Robert Bugbee describes the Scorpio Group’s public companies as being at a crossroads of sorts as the world sorts out its energy needs and priorities.

Bugbee is president of Scorpio Tankers, one of the world’s largest product carrier owners, and of Eneti, which switched out of dry bulk shipowning to become a player in wind turbine installation vessels (WTIVs).

The world’s geopolitical framework is presenting strong opportunities for both of these very different New York-listed companies.

But that’s not entirely a good thing, Bugbee said on Tuesday in a keynote address to the annual Hellenic-American Norwegian-American chambers of commerce joint shipping conference in Manhattan.

“We have two companies – one in the past and present, and the other in the present and near-future.

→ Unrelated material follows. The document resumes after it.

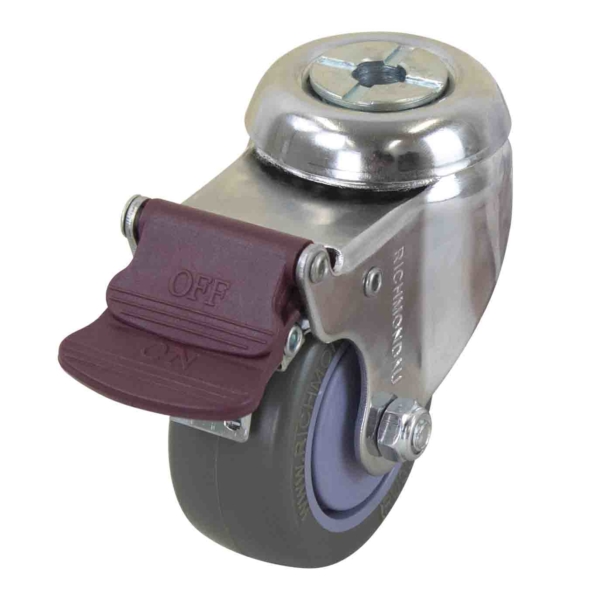 75mm Poly Nylon Swivel Chrome Durolite Castor (S3381BR)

We can see these conflicts coming every day,” Bugbee told the audience.

Delays in building for offshore wind projects have created a shortage of WTIVs, he said.

“That’s good for Eneti, just as the disruption with Russia and clean-products cargoes is good for Scorpio Tankers. But neither is good for society,” Bugbee said.

The conference adoped a theme of “navigating geopolitical challenges in a time of crisis” for this year’s event, and Bugbee was true to that score as he discussed world events both in an historical context and in their implications for shipping.

On this business front, he was characteristically bullish. “I’m permanently optimistic. Obviously, you have to be optimistic in this business to remain sane,” he said.

He explained why some observers of the European Union price-cap restrictions on Russian clean product exports from 5 February are looking at the wrong things.

“What is Russia going to do? That’s the wrong way of looking at it,” he said.

“No one has sanctioned South American, African, European, North American demand. You have to look at the product market from the demand side, not supply.

“Whatever extra demand you have is going to have to travel further than it did before the Russian sanctions. With product tanker utilisation very high, whether demand increases 1%, 2%, 3% and so on doesn’t really matter.”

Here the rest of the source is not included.